Problem details ::
Give back the records below exactly, every one, with no pictures.

Material shown ::
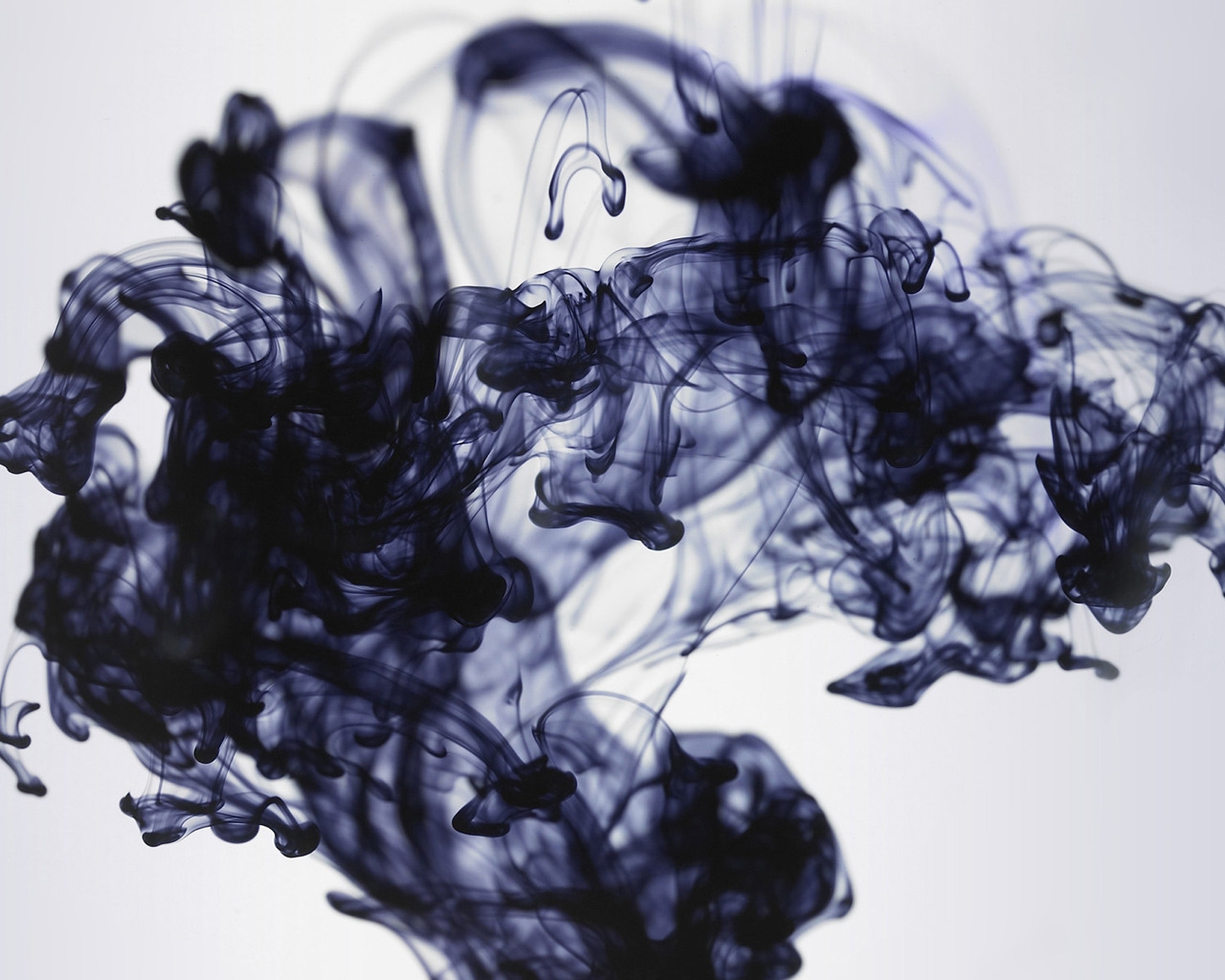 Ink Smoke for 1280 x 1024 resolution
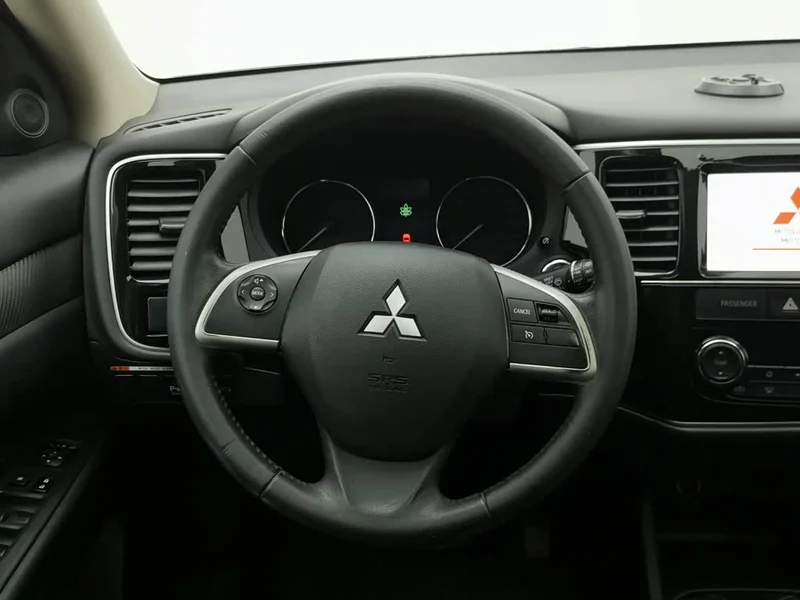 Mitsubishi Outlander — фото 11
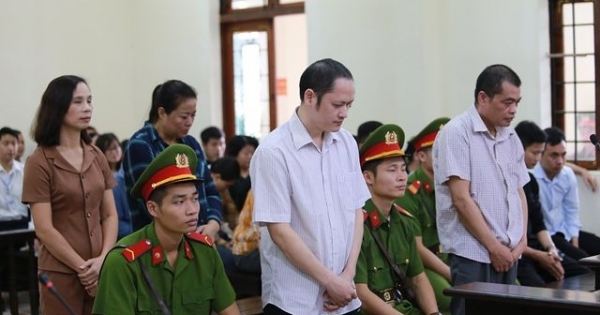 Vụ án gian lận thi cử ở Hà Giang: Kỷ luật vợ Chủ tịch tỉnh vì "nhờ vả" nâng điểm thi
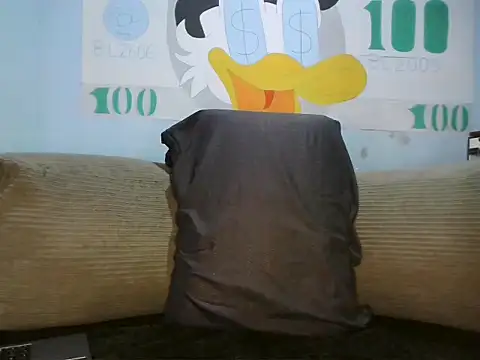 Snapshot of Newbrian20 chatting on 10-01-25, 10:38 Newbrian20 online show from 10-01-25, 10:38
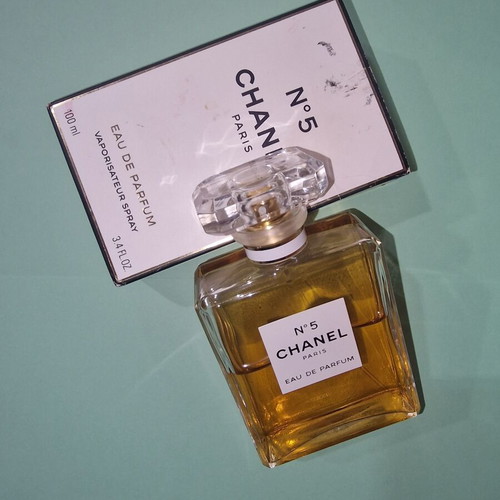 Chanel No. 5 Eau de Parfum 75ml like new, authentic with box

Output below ::
 Ink Smoke for 1280 x 1024 resolution
 Mitsubishi Outlander — фото 11
 Vụ án gian lận thi cử ở Hà Giang: Kỷ luật vợ Chủ tịch tỉnh vì "nhờ vả" nâng điểm thi
 Snapshot of Newbrian20 chatting on 10-01-25, 10:38 Newbrian20 online show from 10-01-25, 10:38
 Chanel No. 5 Eau de Parfum 75ml like new, authentic with box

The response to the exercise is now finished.